■ Task goal ■
Leave out every picture and set down, exactly, the lines below from the one holding "2023 Nissan Leaf Interior" up to and including the one holding "CliniQuiz — Seu desafio diário no plantão".

____ Record extracts

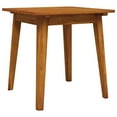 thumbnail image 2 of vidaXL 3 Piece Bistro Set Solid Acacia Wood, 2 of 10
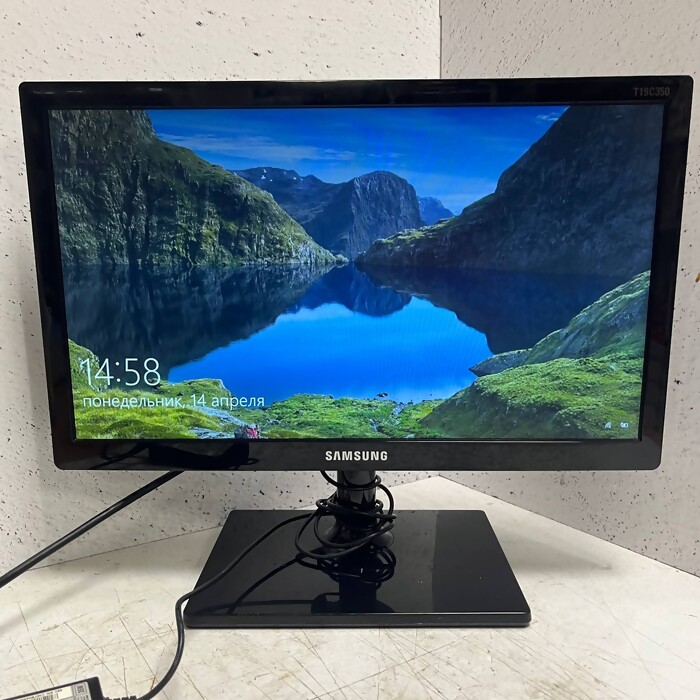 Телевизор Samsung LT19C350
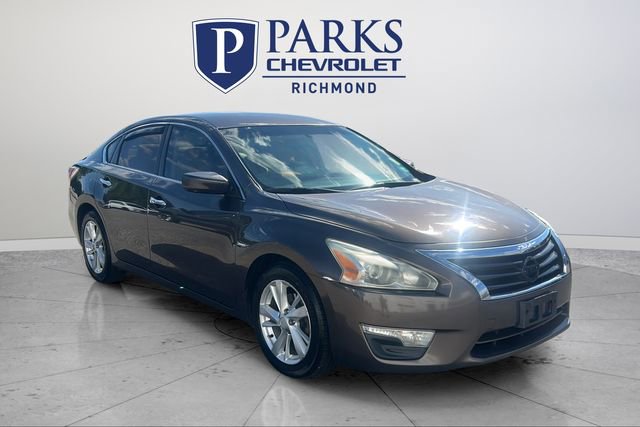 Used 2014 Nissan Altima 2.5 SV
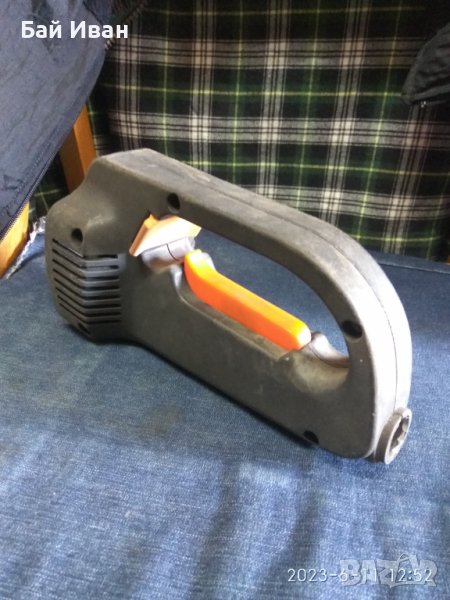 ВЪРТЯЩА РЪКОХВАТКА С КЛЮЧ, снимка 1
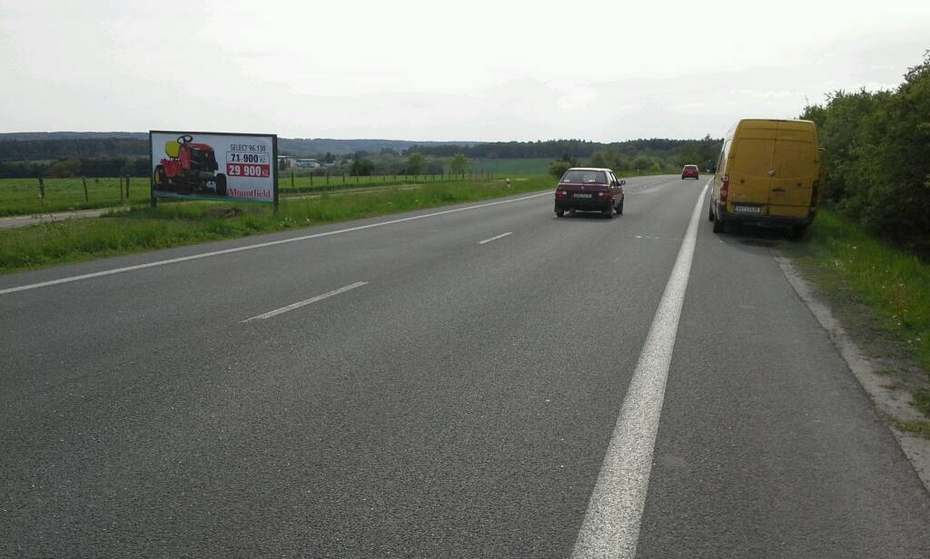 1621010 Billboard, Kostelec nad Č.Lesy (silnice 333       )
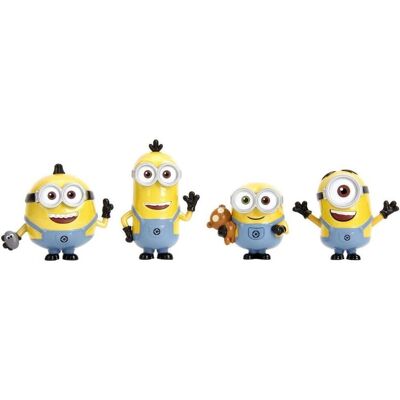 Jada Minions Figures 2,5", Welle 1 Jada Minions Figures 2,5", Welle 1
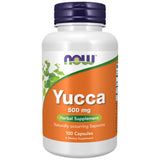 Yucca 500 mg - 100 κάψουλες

________
____ Record extracts

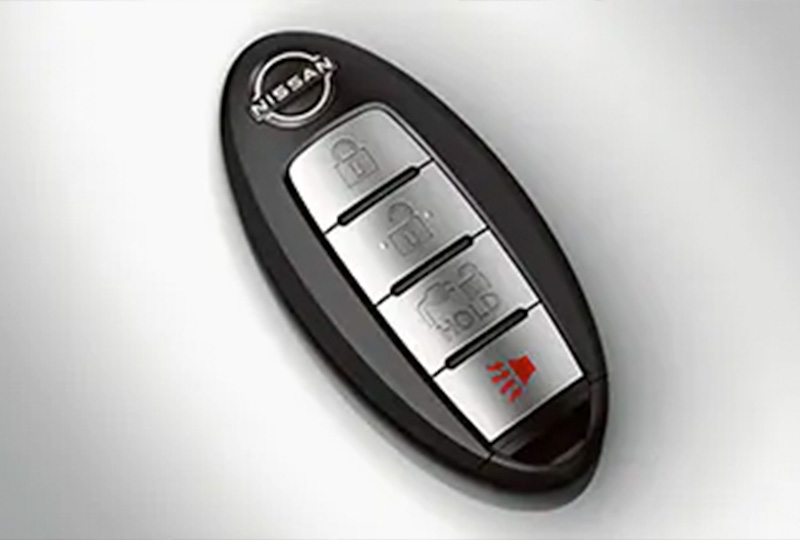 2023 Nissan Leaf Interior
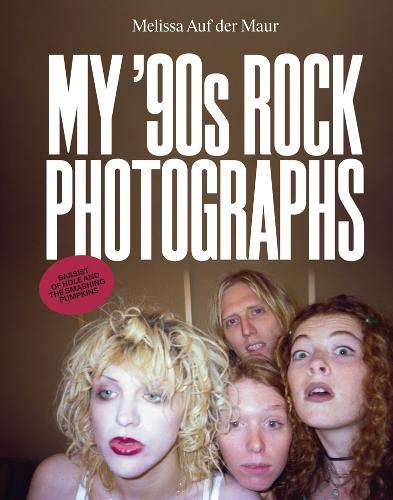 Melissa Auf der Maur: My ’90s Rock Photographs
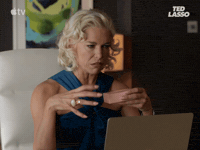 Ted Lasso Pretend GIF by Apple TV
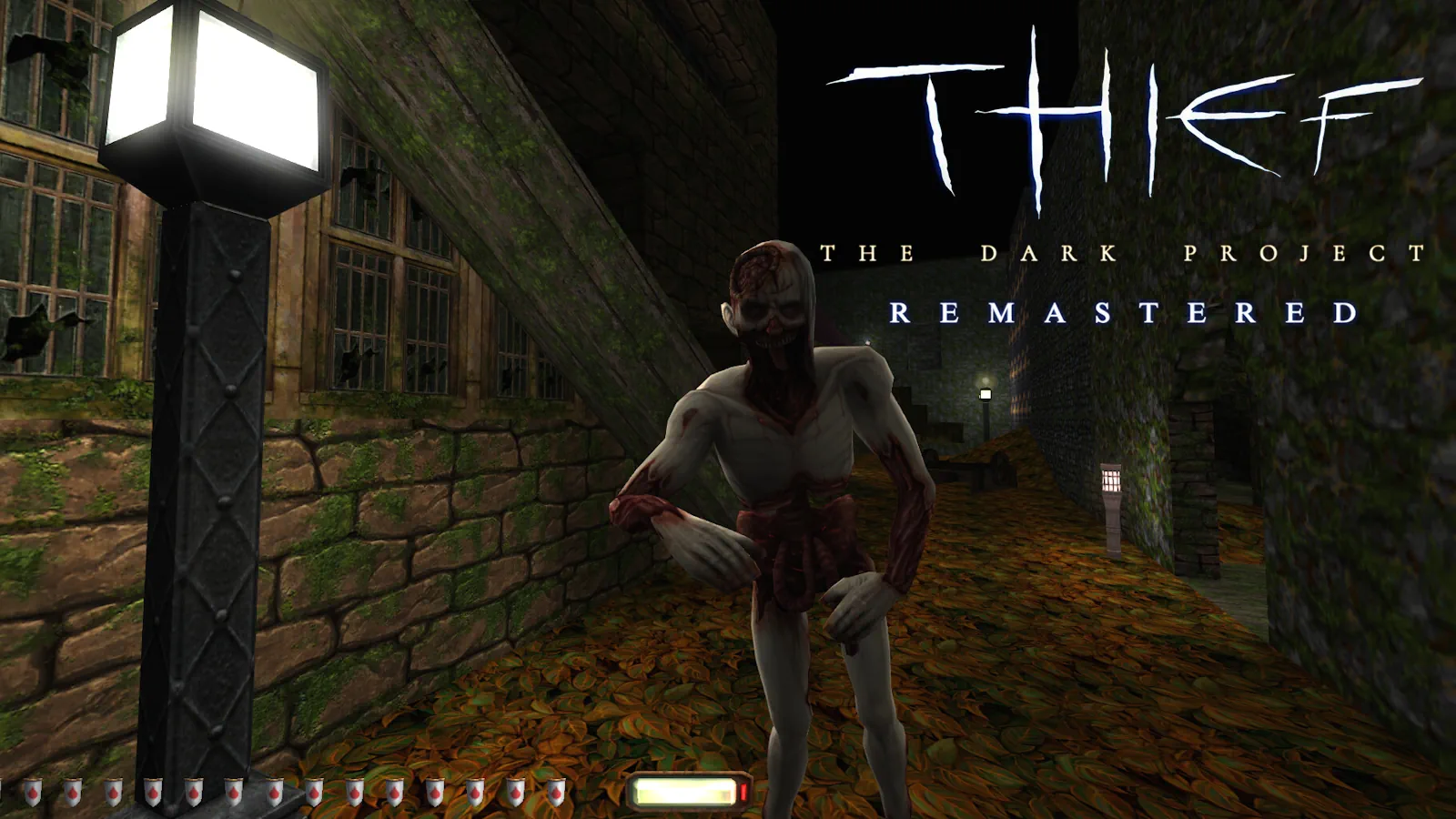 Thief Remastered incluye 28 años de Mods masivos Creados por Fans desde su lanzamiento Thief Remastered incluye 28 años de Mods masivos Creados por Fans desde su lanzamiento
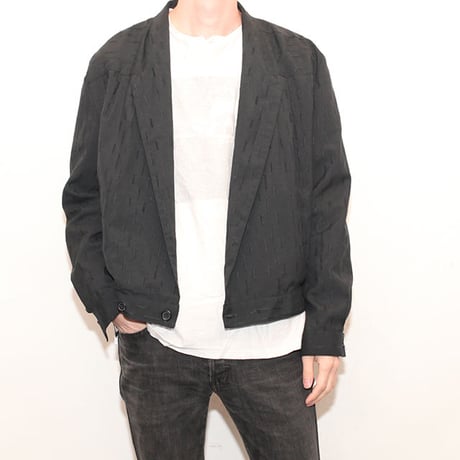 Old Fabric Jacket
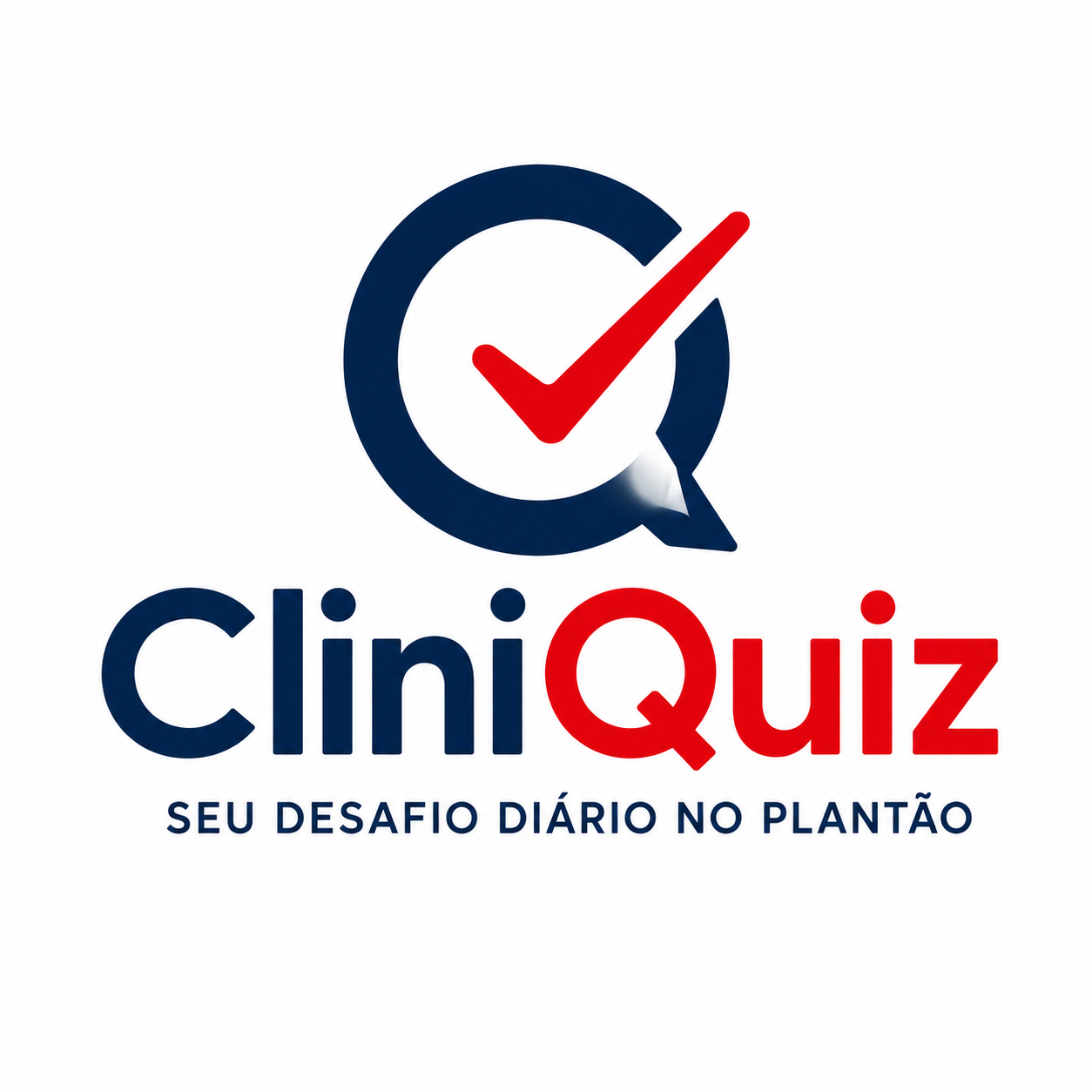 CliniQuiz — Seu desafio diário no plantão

________

■ Answer to this task ■
 2023 Nissan Leaf Interior
 Melissa Auf der Maur: My ’90s Rock Photographs
 Ted Lasso Pretend GIF by Apple TV
 Thief Remastered incluye 28 años de Mods masivos Creados por Fans desde su lanzamiento Thief Remastered incluye 28 años de Mods masivos Creados por Fans desde su lanzamiento
 Old Fabric Jacket
 CliniQuiz — Seu desafio diário no plantão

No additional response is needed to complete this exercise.